I'm not sure if compilers use this information for optimization purposes, but in principle, they could. For example, if you have

float *p = &arr[2][3];
float *q = &arr[5][9];

then p + x and q + y should never alias, regardless of the values of x and y.

Answer 3

Section 6.2.5.20 requires that arrays be contiguously allocated. This applies as much to an array of arrays as it does to a single dimensional array.

Your friend is simply wrong.

Answer 4

Built-in multi-dimensional arrays in C are implemented through index translation. This means that, for example, a 3D array T a[M][N][K] is implemented as a 1D array T a_impl[M * N * K], with multi-dimensional access a[i][j][k] being implicitly translated into the single-dimensional access a_impl[((i * N) + j) * K + k]. The language specification does not explicitly describe this implementation, however the requirements mandate it pretty much directly.

Taking this into account, it is not clear why your friend would tell you to use float arr[M * N] explicitly instead of relying on the implicit implementation of the same thing by the compiler.

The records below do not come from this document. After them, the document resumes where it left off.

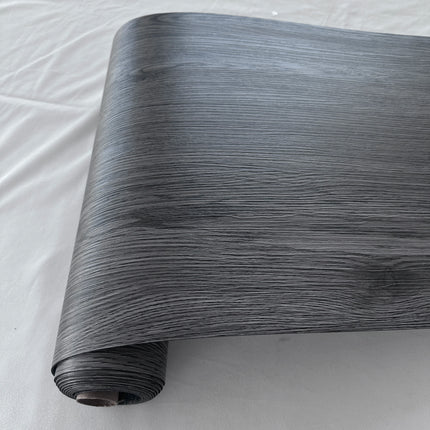 Wood Grain Self-Adhesive Floor & Wall Stickers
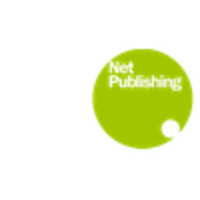 Net Publishing logo, Net Publishing contact details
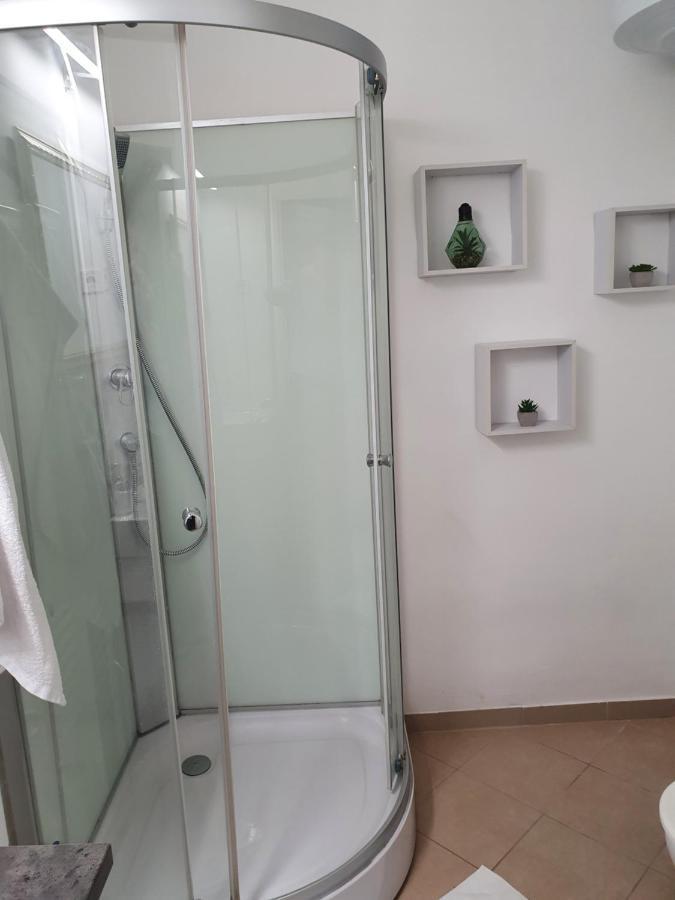 Boesix Apartman Budapest Exterior photo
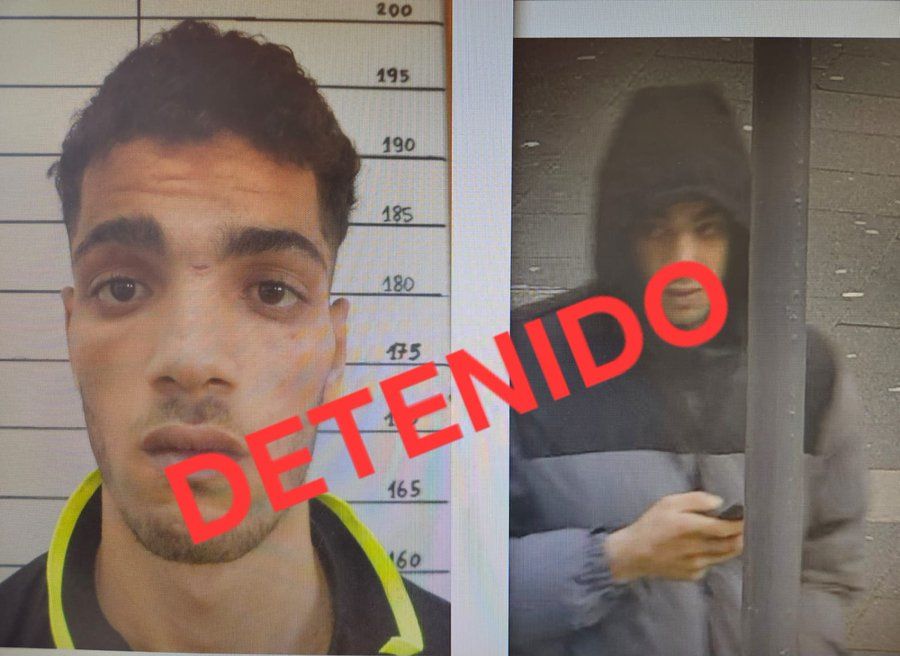 Comienza el juicio contra “El Pastilla”, el narco detenido cuando iba a viajar hacia Ceuta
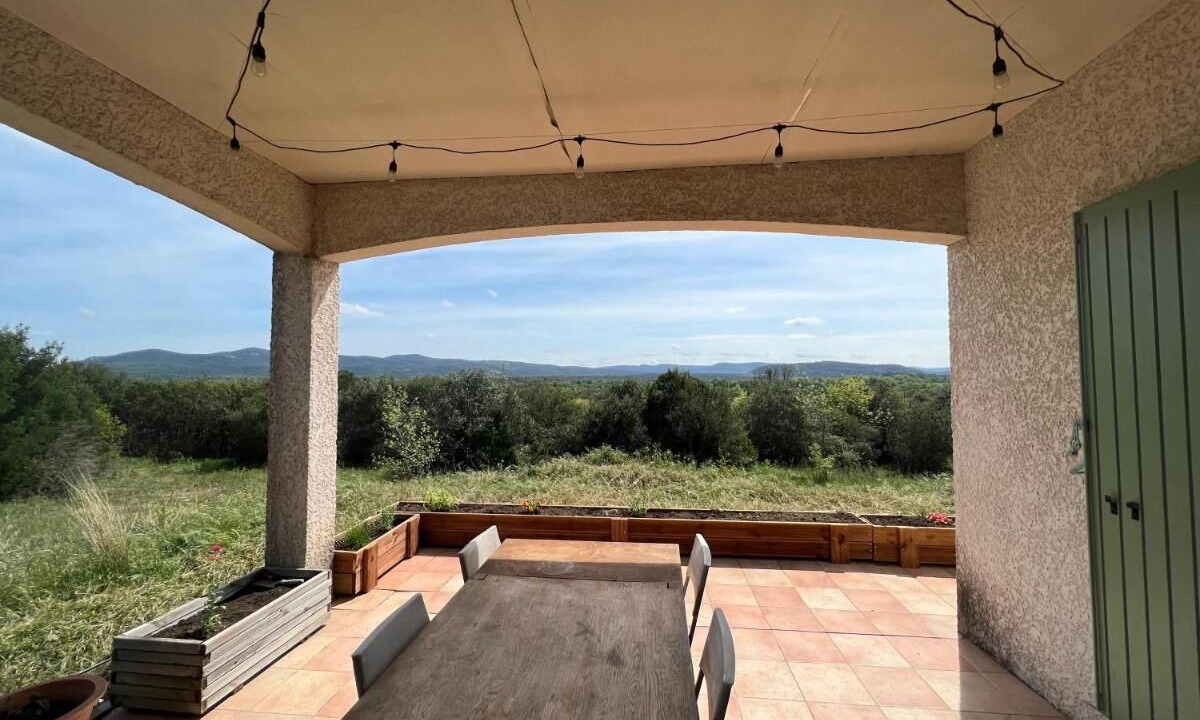 Photo of Outdoor in Conqueyrac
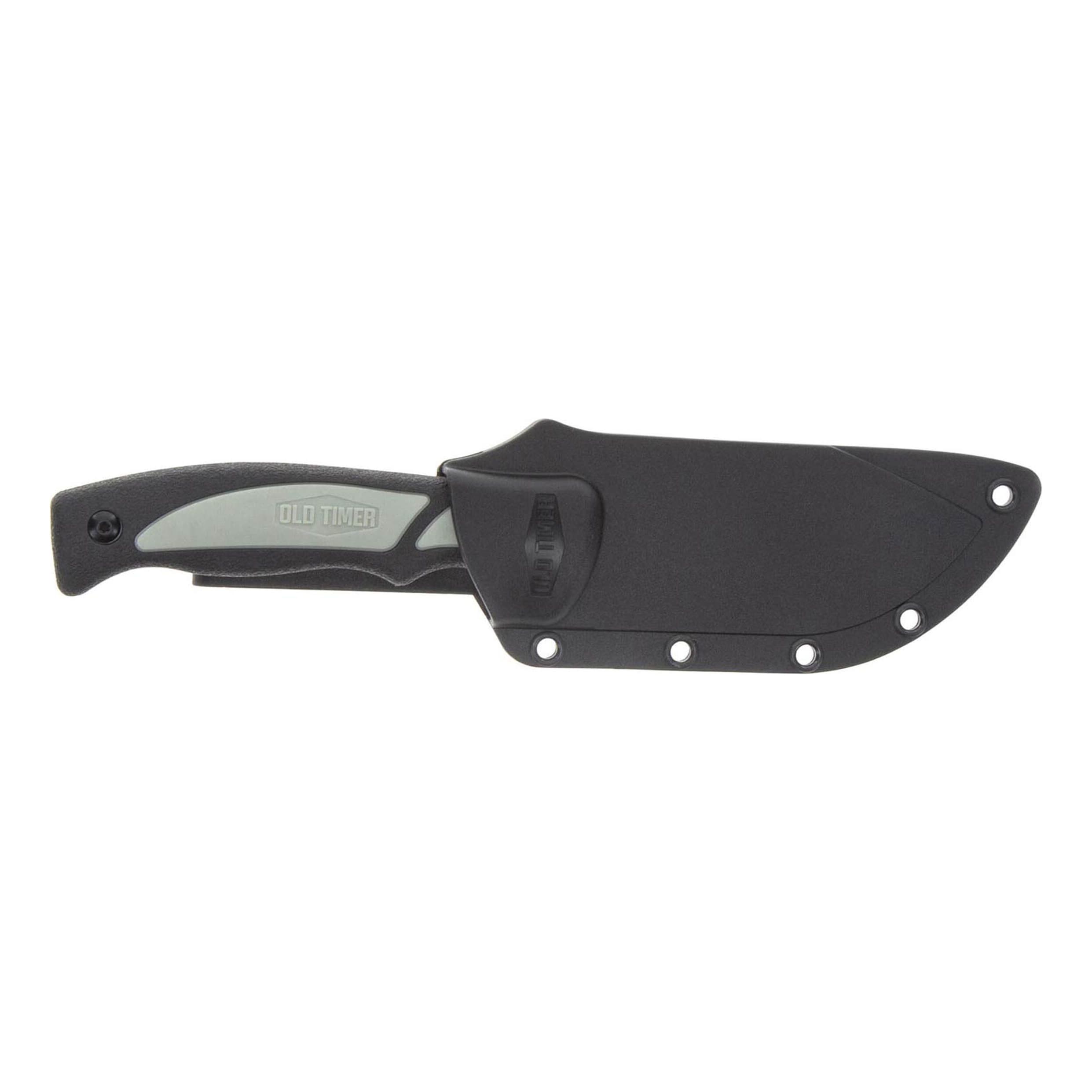 Old Timer® Trail Boss® Fixed Blade Knife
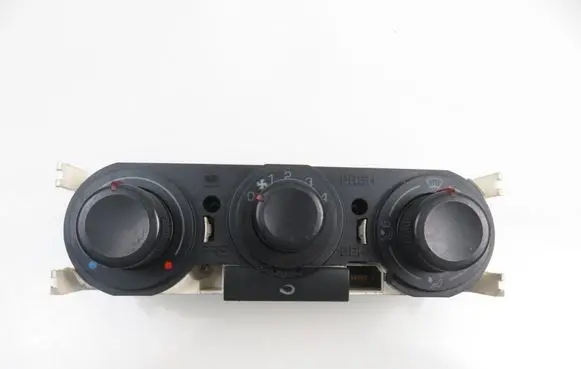 Seat Ibiza III (6L) Interior fan control switch 6L0819045
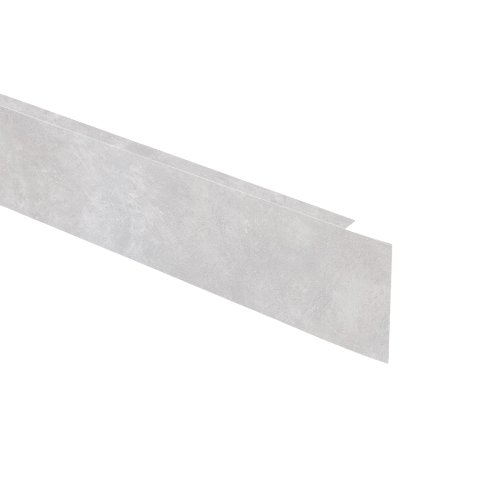K-Stairs Kantafwerking 13x70mm Beton Lichtgrijs Gepolijst 0,5m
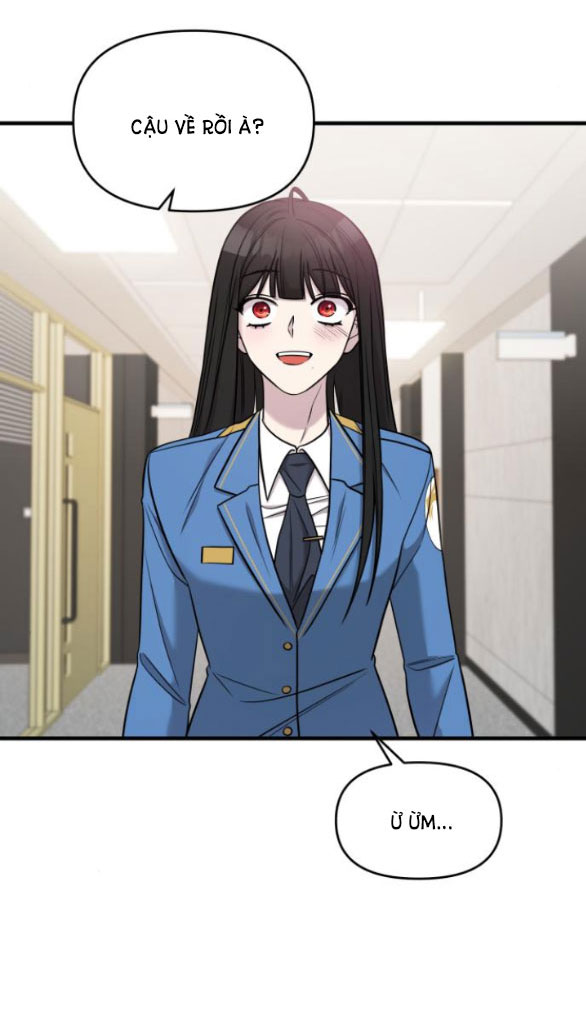 phản diện thuần túy chapter 50.2 2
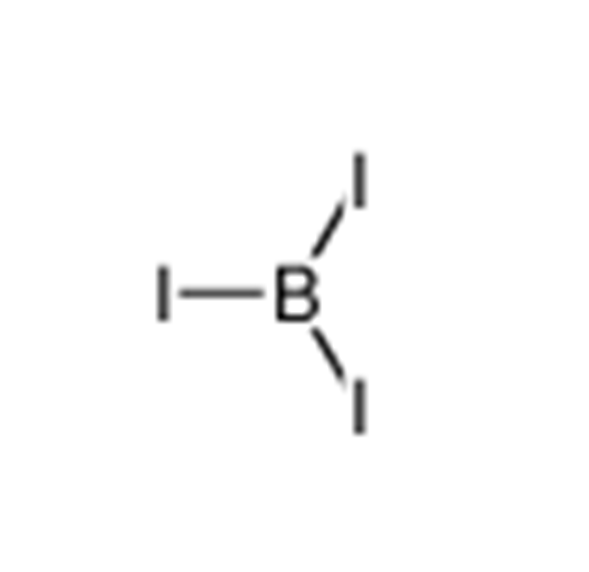 三碘化硼,BORON TRIIODIDE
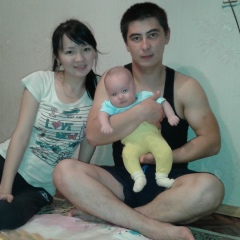 Ильяс Хайруллин, 10.02.1992, Актобе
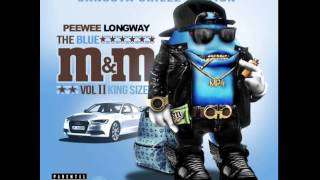 PeeWee Longway  Big Homie Prod by Honorable CNote DatPiff Exclusive [upl. by Montano]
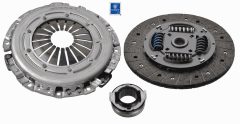 SACHS 3000 954 424 — Комплект сцепления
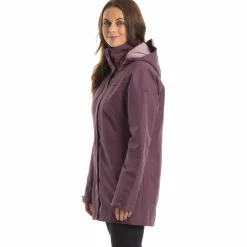 Vaude - Women's Jalama Coat - Mantel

The situation that might make you to consider float arr[M * N] approach is when both M and N are run-time values and your compiler does not support variable-length arrays (or you for some reason do not want to use them). In such cases the built-in support for multidimensional arrays is no longer applicable, since it relies on all sizes (except the first one) being compile-time constants. Maybe this is what your friend had in mind.